#### RECORDS FOR PROCESSING
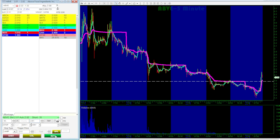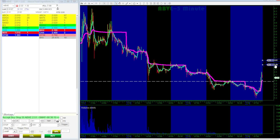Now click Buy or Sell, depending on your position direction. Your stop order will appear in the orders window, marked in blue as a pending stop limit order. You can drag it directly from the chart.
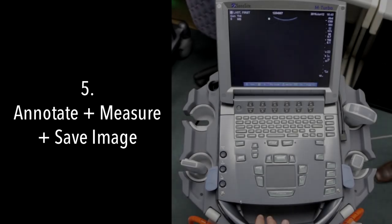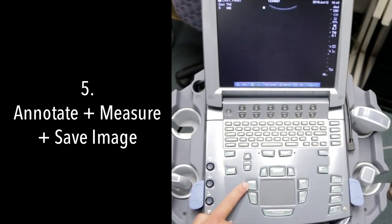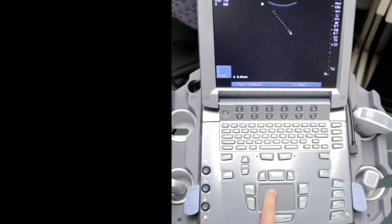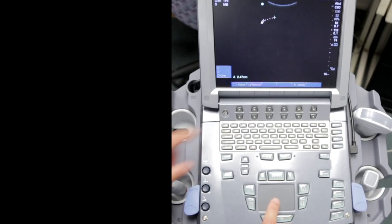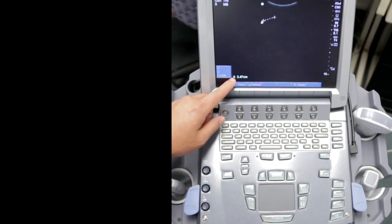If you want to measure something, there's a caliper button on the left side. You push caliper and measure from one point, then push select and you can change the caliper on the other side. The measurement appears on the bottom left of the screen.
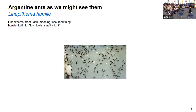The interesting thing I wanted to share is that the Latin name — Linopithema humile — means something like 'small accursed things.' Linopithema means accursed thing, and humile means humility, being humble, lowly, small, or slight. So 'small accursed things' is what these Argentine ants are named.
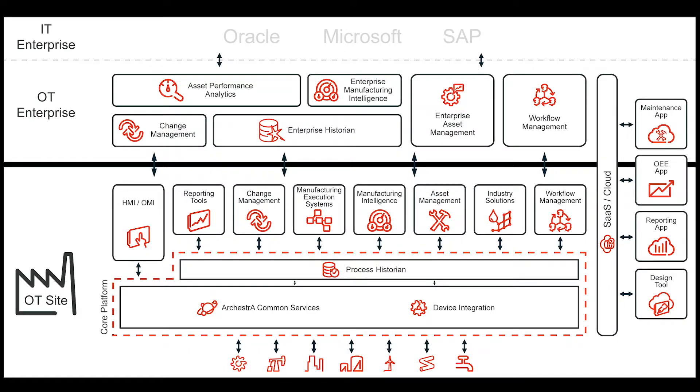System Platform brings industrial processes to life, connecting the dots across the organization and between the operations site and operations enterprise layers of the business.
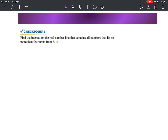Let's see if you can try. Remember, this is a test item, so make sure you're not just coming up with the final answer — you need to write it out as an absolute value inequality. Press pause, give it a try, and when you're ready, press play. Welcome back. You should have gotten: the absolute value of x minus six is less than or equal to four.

* * *

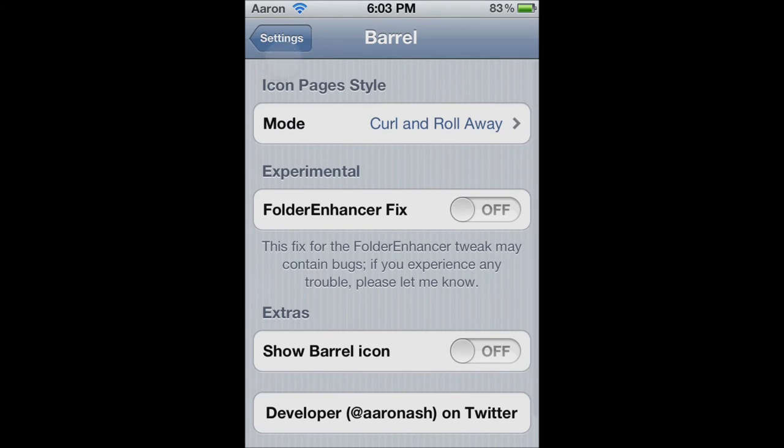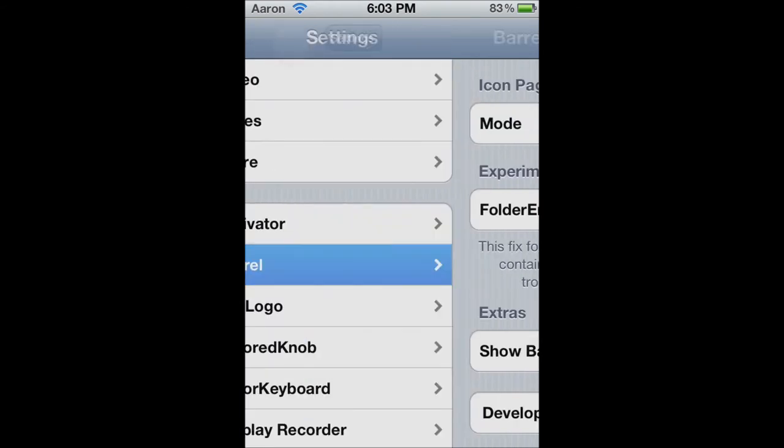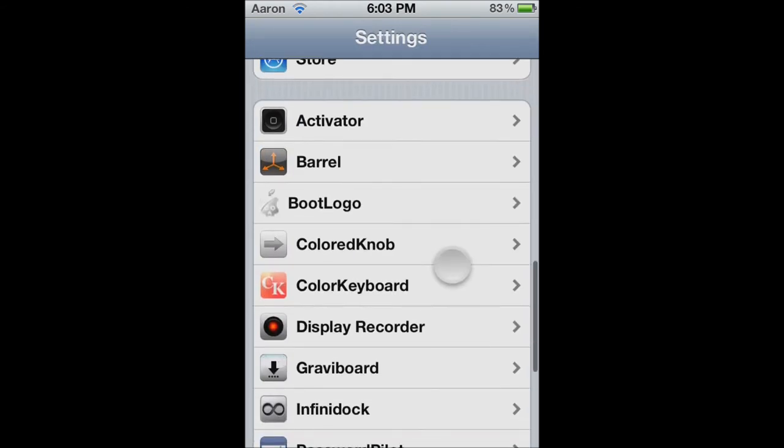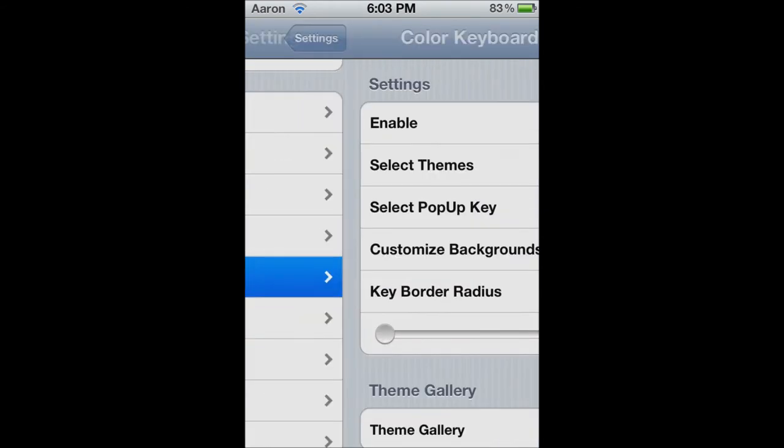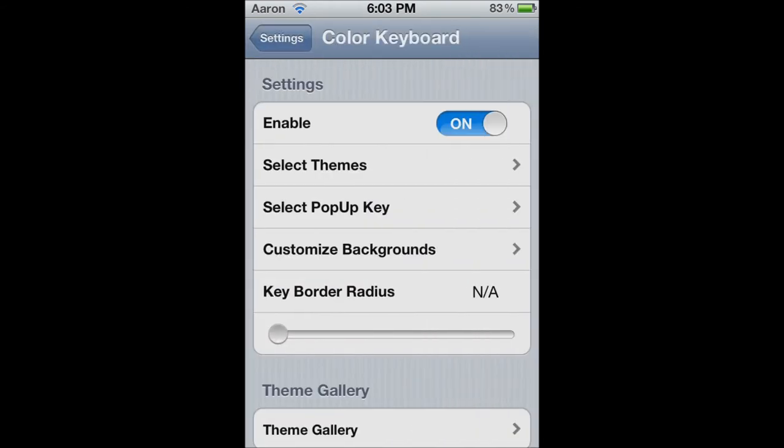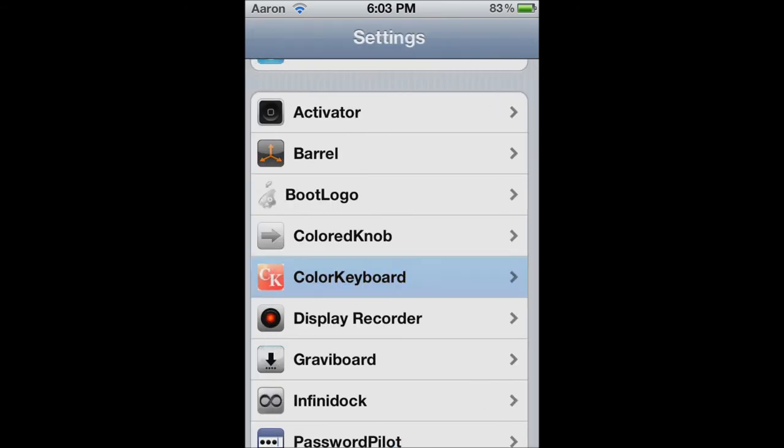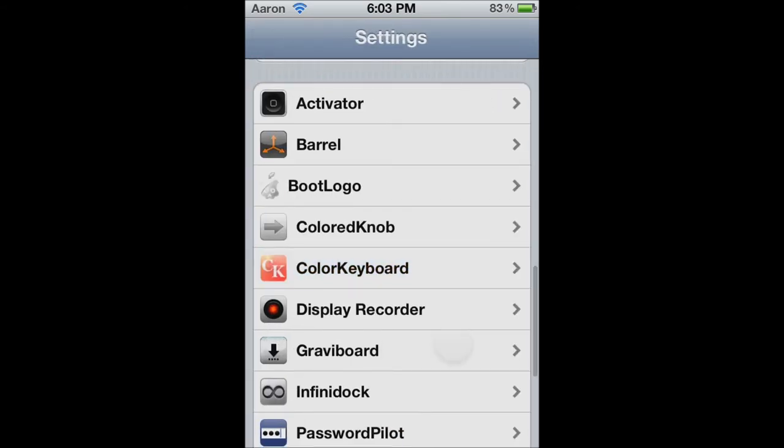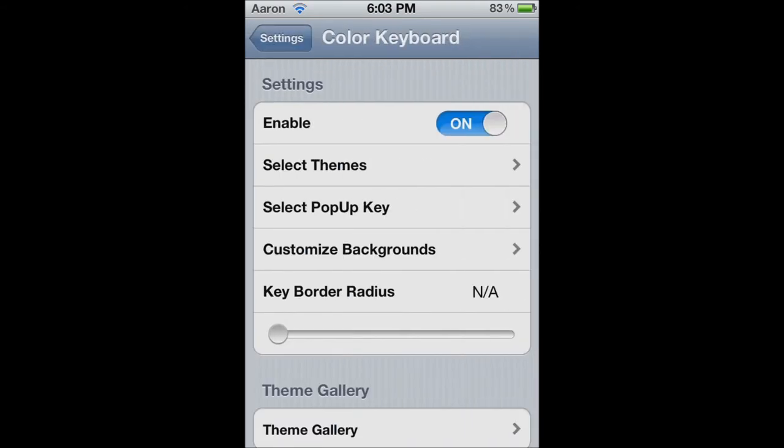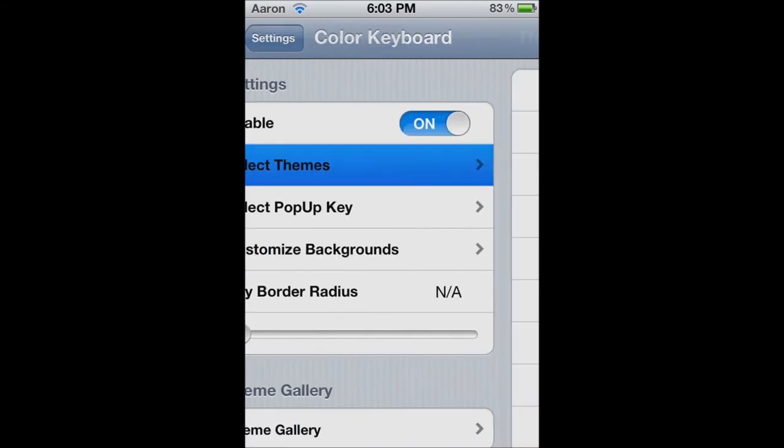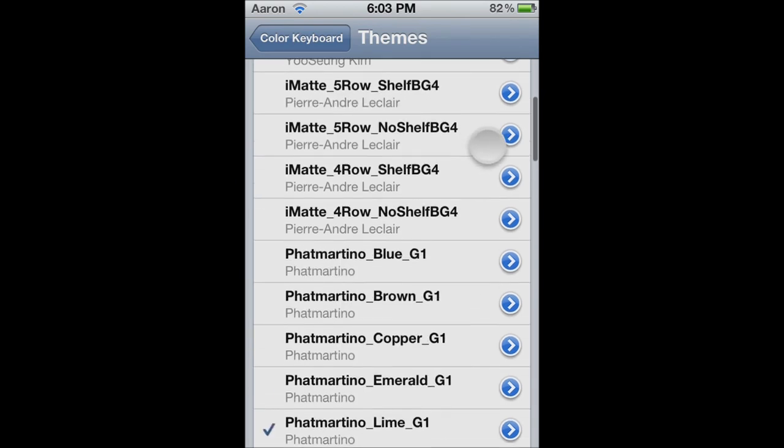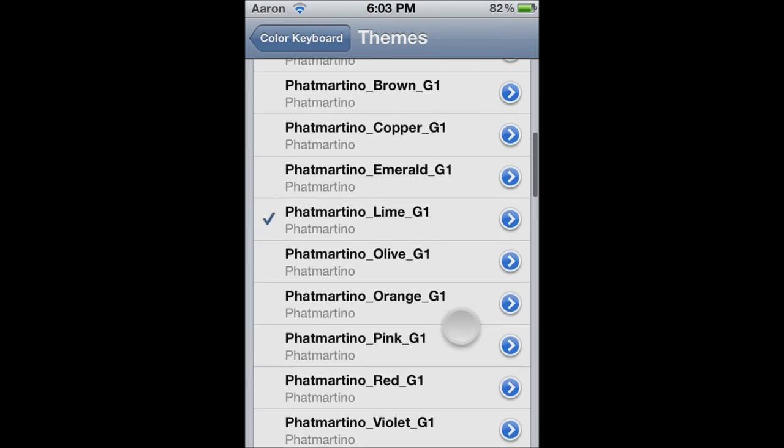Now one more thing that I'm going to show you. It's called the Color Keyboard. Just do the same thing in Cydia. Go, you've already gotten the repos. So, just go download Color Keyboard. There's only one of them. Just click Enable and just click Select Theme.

...

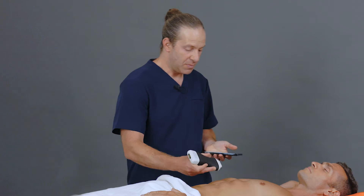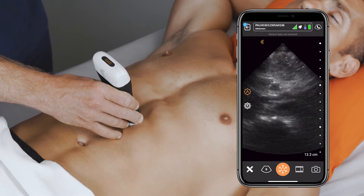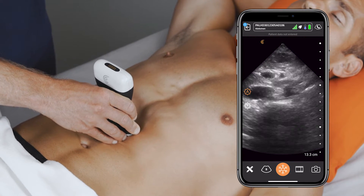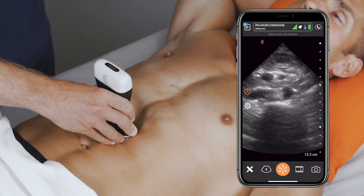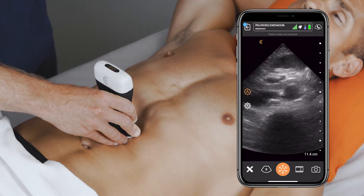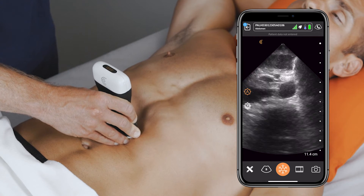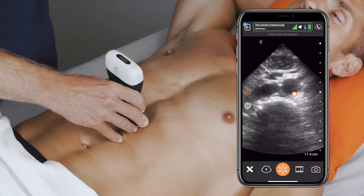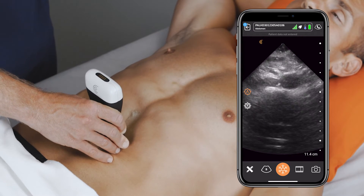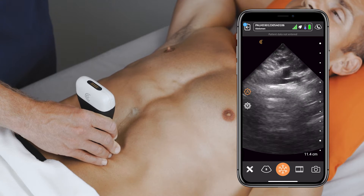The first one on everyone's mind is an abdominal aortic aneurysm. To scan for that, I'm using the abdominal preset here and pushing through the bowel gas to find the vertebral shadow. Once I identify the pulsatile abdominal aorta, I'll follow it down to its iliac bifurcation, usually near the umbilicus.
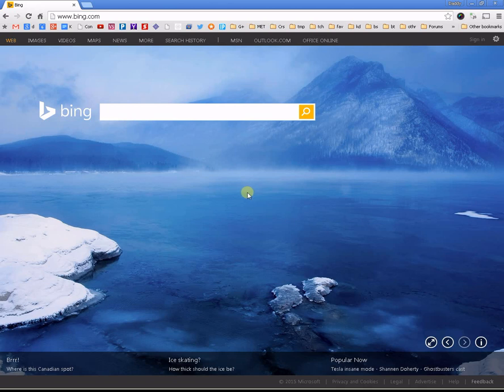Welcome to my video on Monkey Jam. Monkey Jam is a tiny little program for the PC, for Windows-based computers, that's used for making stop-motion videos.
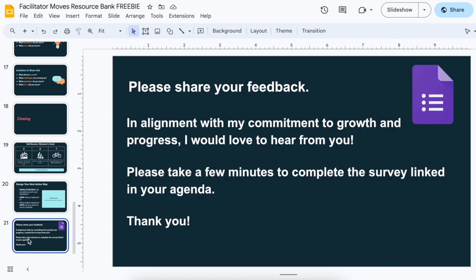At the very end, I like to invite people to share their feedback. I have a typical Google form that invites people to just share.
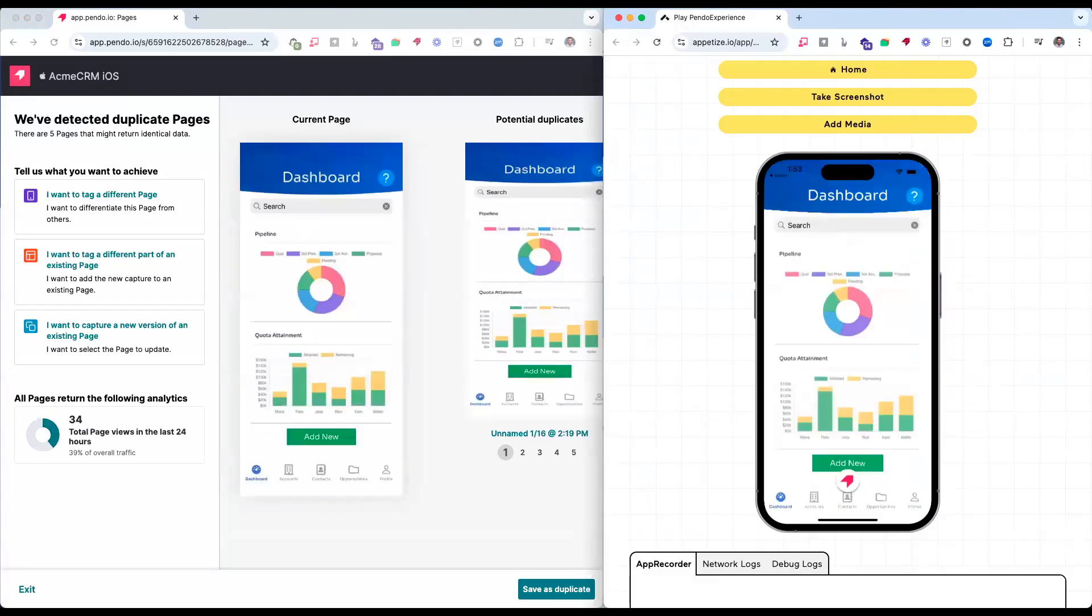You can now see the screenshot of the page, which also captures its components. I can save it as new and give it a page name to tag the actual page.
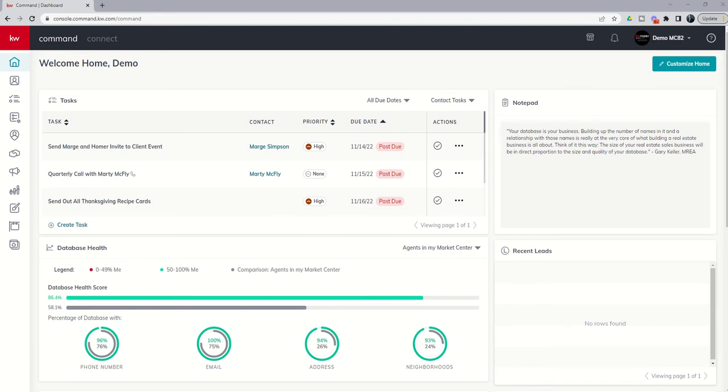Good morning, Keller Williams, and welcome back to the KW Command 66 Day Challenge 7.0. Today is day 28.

#### YOUR ASSIGNMENT
The answer is the lines above from the one with "Now click Buy" to the one with "If you want", set down exactly, with no pictures.

#### ANSWER BOX
Now click Buy or Sell, depending on your position direction. Your stop order will appear in the orders window, marked in blue as a pending stop limit order. You can drag it directly from the chart.
If you want to measure something, there's a caliper button on the left side. You push caliper and measure from one point, then push select and you can change the caliper on the other side. The measurement appears on the bottom left of the screen.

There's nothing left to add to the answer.